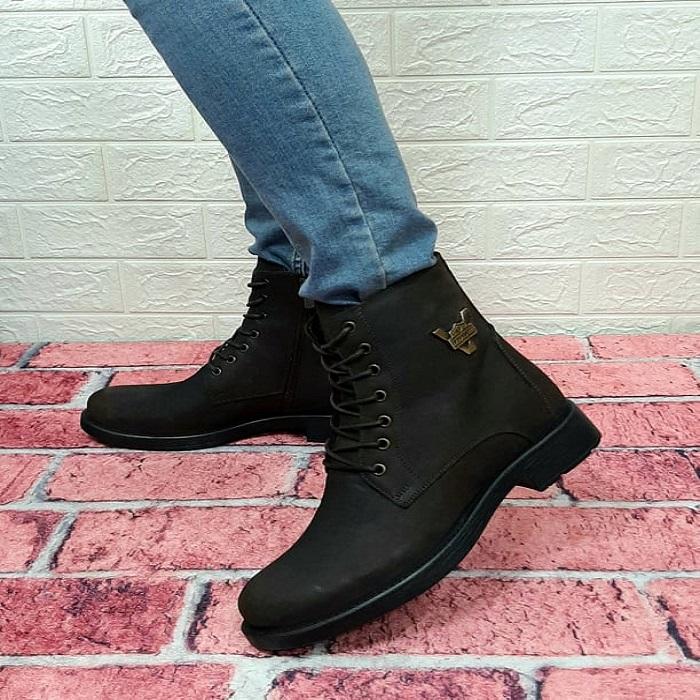 VOYAGER 3517 Brown Genuine Leather Non-Slip Sole Quality Men's Boots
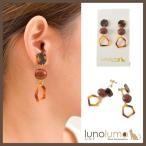 Yahoo! Yahoo!ショッピング(ヤフー ショッピング)メール便送料無料 SALE べっ甲柄のブラウントーンイヤリング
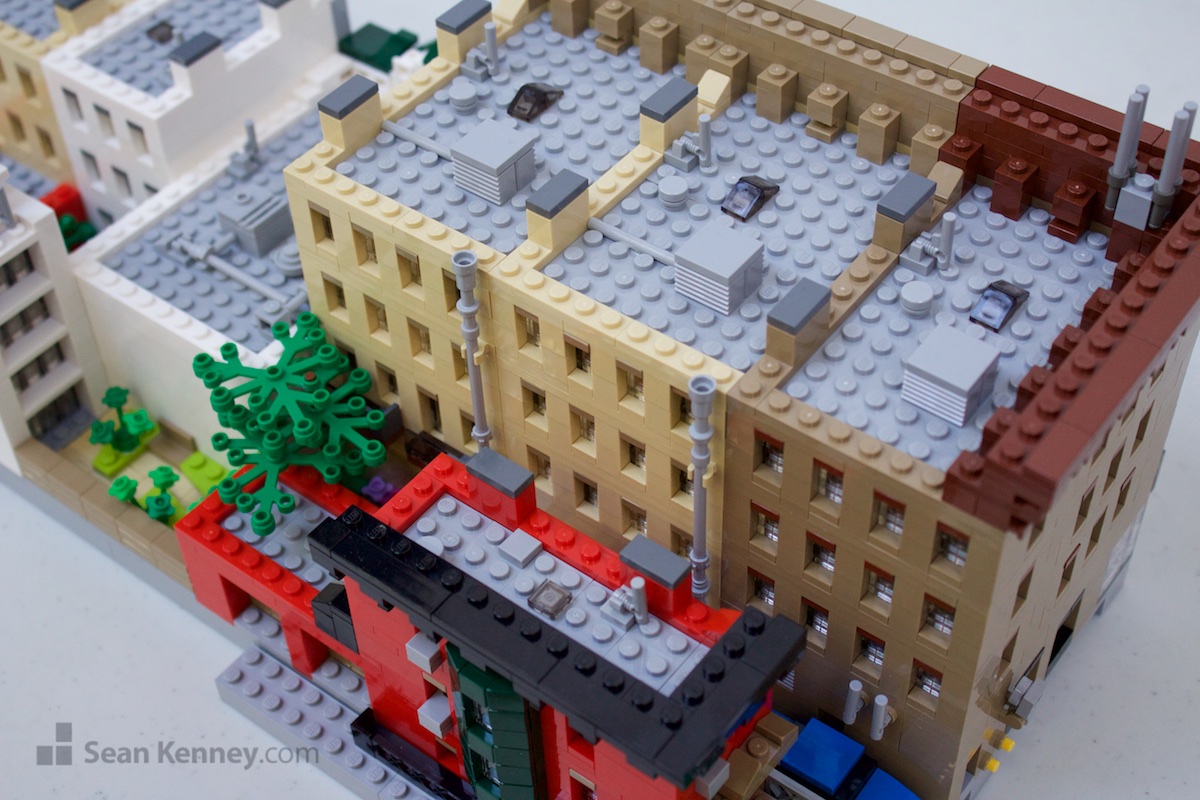 Greatest LEGO artist - 5th Avenue Brooklyn city block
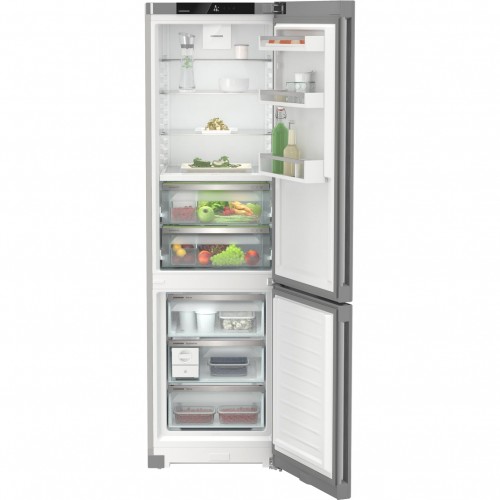 Холодильник LIEBHERR с BioFresh и NoFrost, 201.5 см, A++, SteelFinish - идеальный выбор для свежих продуктов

→ **Your objective**:
Return every line of the data above exactly, and omit all pictures.

→ **Solution to this task**:
 VOYAGER 3517 Brown Genuine Leather Non-Slip Sole Quality Men's Boots
 Yahoo! Yahoo!ショッピング(ヤフー ショッピング)メール便送料無料 SALE べっ甲柄のブラウントーンイヤリング
 Greatest LEGO artist - 5th Avenue Brooklyn city block
 Холодильник LIEBHERR с BioFresh и NoFrost, 201.5 см, A++, SteelFinish - идеальный выбор для свежих продуктов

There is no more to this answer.